A CLI-based dataset preprocessing tool for machine learning tasks. Features include data exploration, null value handling, one-hot encoding, and feature scaling, and download the modified dataset effortlessly.
Project description
WizCraft - CLI-Based Dataset Preprocessing Tool
WizCraft is a cutting-edge Command Line Interface (CLI) tool developed to simplify the process of dataset preprocessing for machine learning tasks.

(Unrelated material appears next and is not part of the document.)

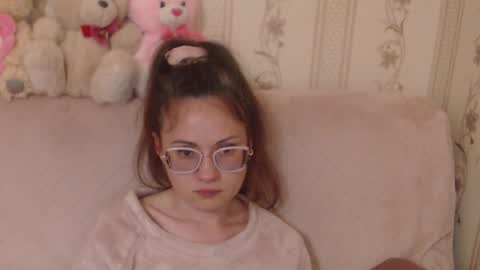 Snapshot of flowercandydoll13 chatting on 4, 5, 2026 say meow and send tip online show from 4, 5, 2026
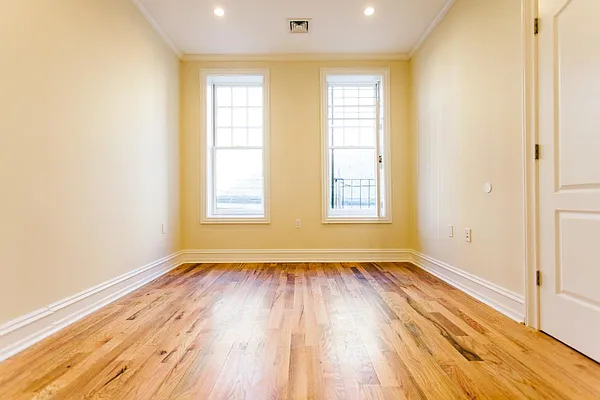 Rented by MySpaceNYC | media 21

It aims to provide a seamless and efficient experience for data scientists of all levels, facilitating the preparation of data for various machine-learning applications.
Table of Contents
Features
- Load and preprocess your dataset effortlessly through a Command Line Interface (CLI).
- View dataset statistics, null value counts, and perform data imputation.
- Encode categorical variables using one-hot encoding.
- Normalize and standardize numerical features for better model performance.
- Download the preprocessed dataset with your desired modifications.
Getting Started
Installation
- Run the pip command:
pip install wiz-craft
- To use the module, use the commands:
from wizcraft.preprocess import Preprocess wiz_obj = Preprocess() wiz_obj.start()
- Follow the on-screen prompts to load your dataset, select target variables, and perform preprocessing tasks.
Features Available
Data Description
- View statistics and properties of numeric columns.
- Explore unique values and statistics of categorical columns.
- Display a snapshot of the dataset.
Handle Null Values
- Show NULL value counts in each column.
- Remove specific columns or fill NULL values with mean, median, or mode, or even using KNN technique.
Encode Categorical Values
- Identify and list categorical columns.
- Perform one-hot encoding on categorical columns.
Feature Scaling
- Normalize the data in a column using Min-Max scaling or Standard Scaler.
Save Preprocessed Dataset
- Download the modified dataset with applied preprocessing steps.